Embora fermentadores de menor porte sejam aplicáveis em projetos fora do Brasil, para plantas no nosso país temos projetado fermentadores com volumes na faixa de 1.000 a 3.000 m³.

São reatores com dimensões consideráveis e que, considerando-se que são vasos de pressão trabalhando acima de pressão atmosférica e sob risco de serem submetidos a uma pressão negativa (vácuo), devem ser projetados com a utilização de softwares específicos para esta finalidade, os quais possibilitam a emissão dos memoriais de cálculo detalhados que as normas técnicas exigem.

Os projetos de fabricação e de instalação devem atender às exigências pelo menos das Normas NR-13 (projeto de vasos de pressão) e NBR-8800 (projeto de estruturas), além de várias outras mais específicas.

Em condições normais de operação a pressão positiva nos fermentadores é decorrente da perda de carga nas tubulações de gás carbônico e nas torres de recuperação de etanol (TRE), que “lavam” o gás carbônico antes de ser lançado na atmosfera. Já a pressão negativa nos fermentadores pode ser decorrente de procedimentos inadequados durante esvaziamentos e limpezas, entre dois ciclos fermentativos ou durante serviços de manutenção.

Com relação à pressão positiva nos vasos, a perda de carga nas tubulações depende naturalmente dos diâmetros e dos traçados das linhas, mas tipicamente encontra-se na faixa entre 40 e 60 mm.c.a..

As primeiras TRE’s tinham enchimentos com anéis “Pall” e eram projetadas com perdas de carga entre 300 e 400 mm.c.a.. Mais recentemente passaram a ser oferecidos pelos fabricantes projetos de TRE’s com bandejas do tipo “válvula” ou do tipo “calota”, com a justificativa de se obter uma melhor recuperação de etanol, mas com perda de carga entre 700 e 800 mm.c.a..

Esta diferença de 500 mm.c.a. na perda de carga da TRE pode parecer pequena, mas no caso de fermentadores de grande porte pode ser muito representativa. Pode significar a diferença entre atender ou não as normas construtivas no caso de fermentadores existentes, pois a PMTA (Pressão Máxima de Trabalho Admissível) com a qual o vaso de pressão é calculado deve estar acima da soma das perdas de carga nas linhas e na TRE, para evitar que os dispositivos de segurança sejam constantemente acionados.

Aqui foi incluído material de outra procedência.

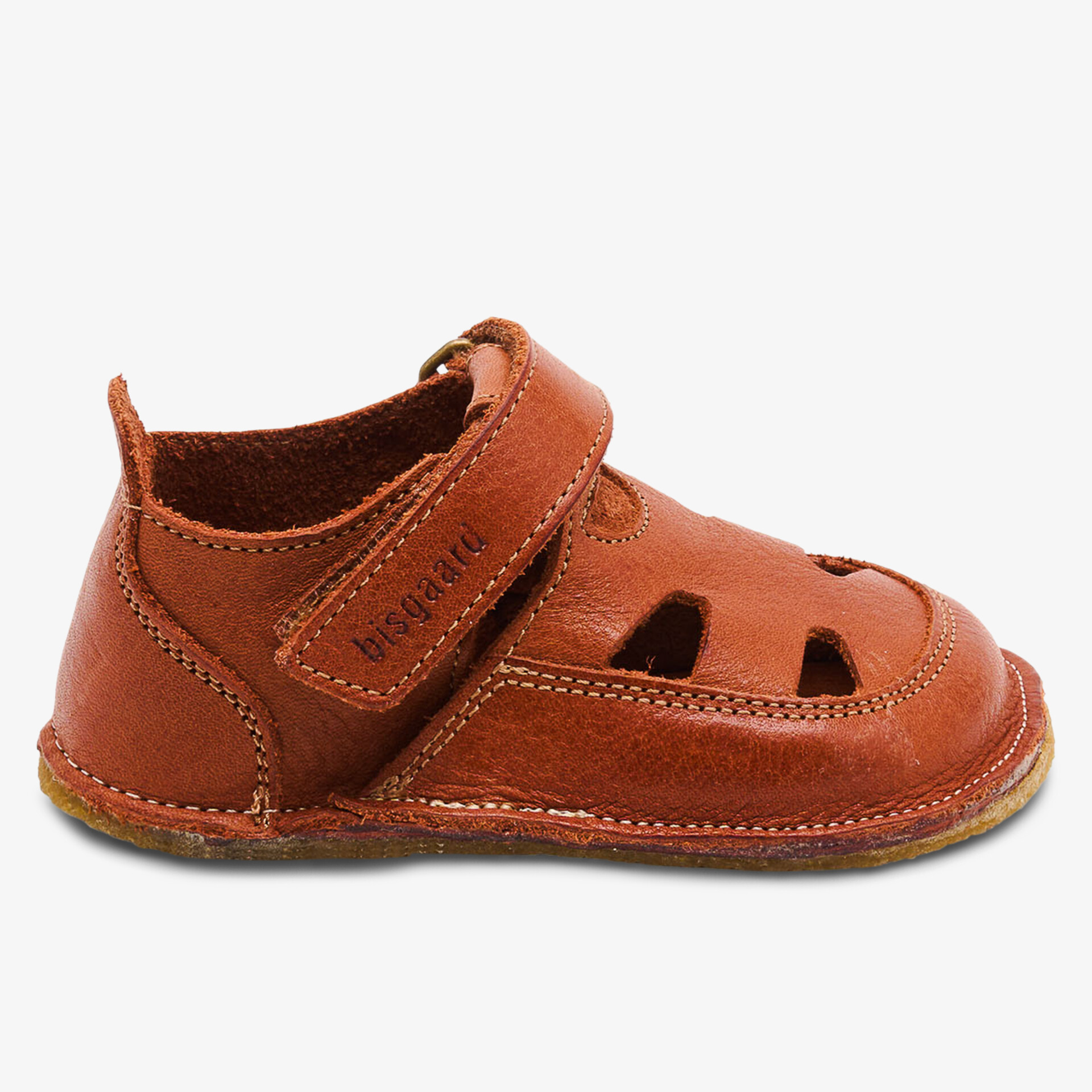 Leder-Sandalen mit verstellbarem Verschluss und atmungsaktivem Design für bequemen Halt.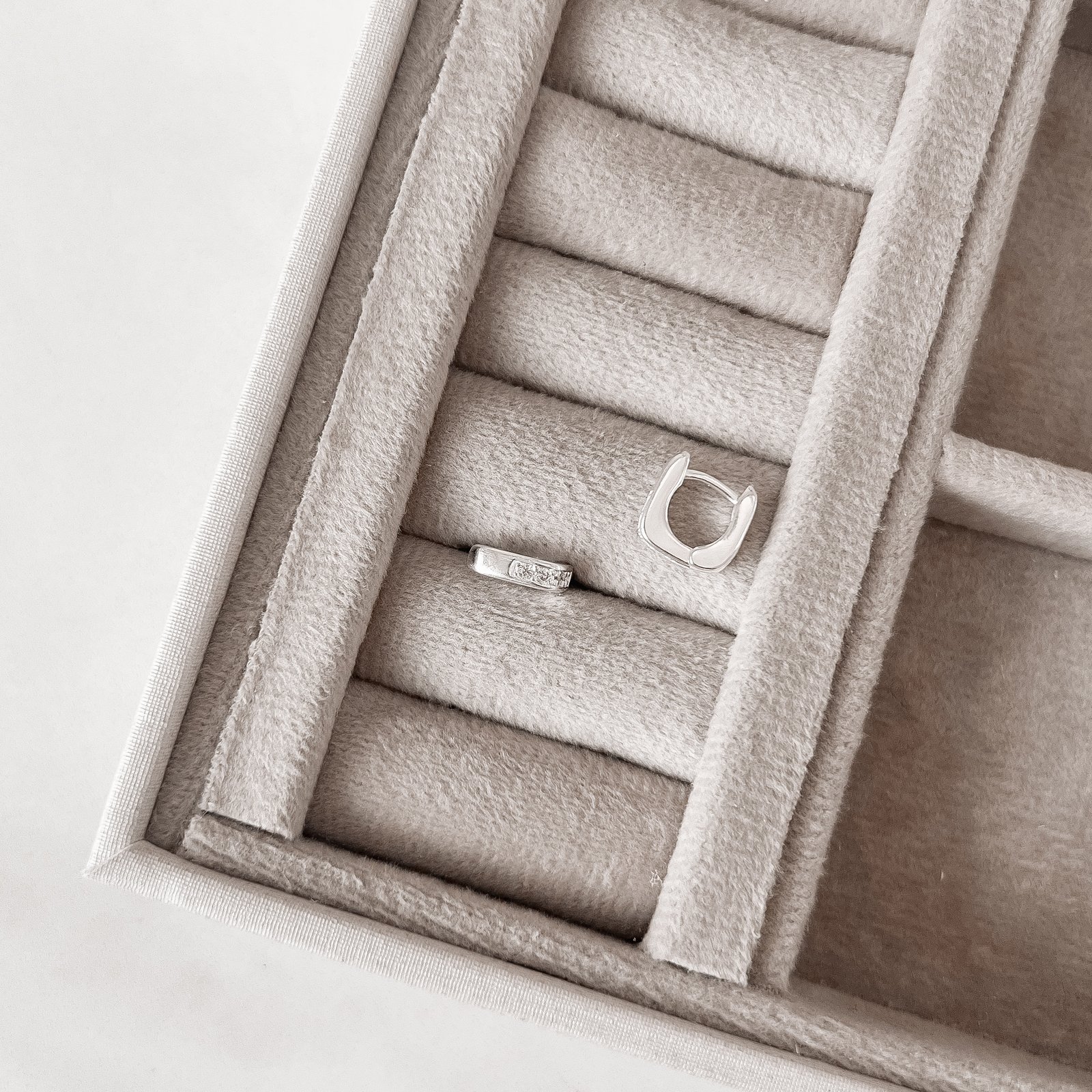 Argola click quadrada cravejada 9mm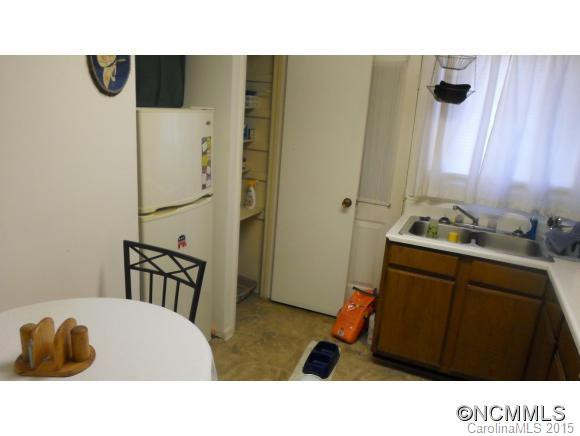 605 Poplar Lane - Photo 6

Temos tido dificuldades junto aos fabricantes das TRE’s quando solicitamos que a perda de carga seja reduzida. Mencionam que a eficiência seria prejudicada e sugerem aos clientes reforçar os fermentadores para atender a uma PMTA mais alta. Ocorre que sistemas de fermentação dispõem de seis a oito fermentadores de grande porte, sendo muito mais caro intervir nestes equipamentos do que, por exemplo, instalar duas TRE’s em paralelo visando reduzir a perda de carga em função de uma menor vazão específica de gás carbônico por superfície transversal de TRE. Temos que estudar com os fabricantes todas as alternativas para encontrarmos a de menor custo que respeite as normas técnicas correspondentes.

Com relação à pressão negativa nos vasos, o vácuo pode ser criado basicamente em função do esvaziamento do líquido sem que haja entrada de ar ou de gás carbônico no fermentador ou em função de condensação súbita e intensa de vapor de água contido no fermentador, provocada pela introdução de algum líquido a baixa temperatura no equipamento.

No primeiro caso (esvaziamento) é perfeitamente possível calcular com precisão a quantidade de ar que deve ser admitida no fermentador para evitarmos vácuo no mesmo, já que esta quantidade está relacionada com a capacidade de bombeamento disponível no sistema.

No segundo caso (condensação súbita e intensa) é muito difícil dimensionar um dispositivo de segurança para admitir ar no equipamento, já que as vazões instantâneas podem ser muito altas. Basta lembrar que 100 kg de vapor ocupam um volume cerca de mil vezes maior do que o volume ocupado por 100 kg de condensado. Se condensarmos 100 kg de vapor dentro do fermentador teremos que admitir rapidamente algo como 100 m³ de ar. A vazão horária correspondente é altíssima, não há dispositivo de segurança que possa atender uma demanda destas.

Os fermentadores são normalmente dimensionados para atender a certa pressão positiva. Uma vez calculado o vaso, verificamos qual a pressão negativa que o mesmo suportaria sem reforços adicionais. Via de regra este valor está na faixa de 20 a 40 mm.c.a., um valor relativamente baixo. Os custos para reforçar o vaso para atender uma pressão negativa maior seriam absolutamente proibitivos.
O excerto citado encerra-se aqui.